India’s Prime Minister Narendra Modi won the elections in a landslide victory. India’s population has high hopes and is providing overwhelming support for its leader. Modi seeks to attract foreign investors and create a state-managed financial system. He wants to create more social programs for low-income families in order to simulate their career opportunities.

Yet, given India’s monstrous size, vast rural areas, and 29 states of varying political stances, the most significant problem India’s elected officials will face will be enacting change and reforms from the center. Nevertheless, making changes in a timely fashion will prove very difficult.

Looking at China, since President Trump took office, China’s growth rates have slowed significantly, in part because of the imposition of tariffs of 25 percent on $250 billion worth of imports from China, while China increased tariffs (ranging from 5 percent to 25 percent) on $110 billion worth of imports from the United States.

The world’s two fastest-growing major economies are both being driven by rapidly rising state investment, with private investment playing a less significant role.
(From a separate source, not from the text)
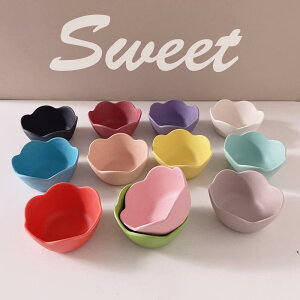 食器 ボウル 小鉢 子供用 赤ちゃん用品 離乳食 かわいい フラワー マカロンカラー 花びら アイスクリーム デザート 調味料 シンプル 軽量 プレゼント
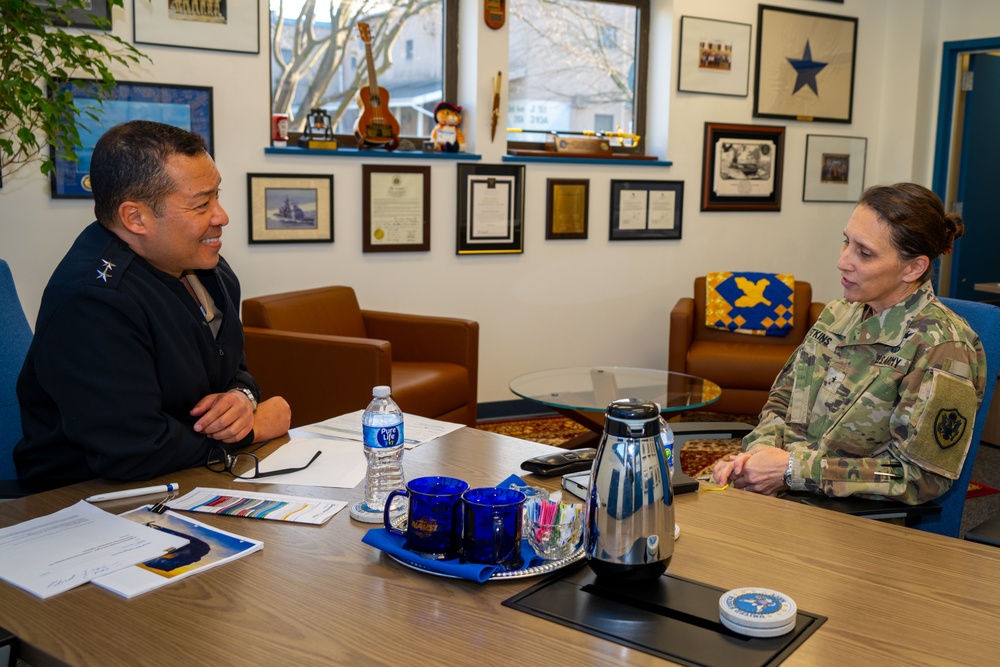 Army Brigadier General Gail Atkins visits NAVSUP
Both the Chinese and Indian governments have made it clear that they have deliberately decided to increase state investment to stimulate economic growth.

China, in particular, has carefully stepped up its level of state investment in several areas, particularly in infrastructure. The $700B infrastructure investment action plan included 303 projects covering railways, highways, waterways, airports, and urban rail transit.

However, in the U.S., the idea of state investment is often met with skepticism, and “private” is perceived to be good. Significant state investment is not only rejected on ideological grounds; it is also structurally impractical due to the absence of a significant state sector in the U.S. economy that is capable of delivering a rapid build-up of state investment. Additionally, an emphasis on state investment may not make sense in the U.S. right now since the stock market is making significant gains after, dropping roughly 30 percent in March 2020, and U.S. corporations are reaping large profits as a result.

On a global scale, it appears that state investment fails to rise rapidly to compensate for private investment’s stagnating or falling rates of growth. In contrast, China and India by rapidly increasing state investment were able to achieve far higher growth rates. The role of state investment is therefore clear.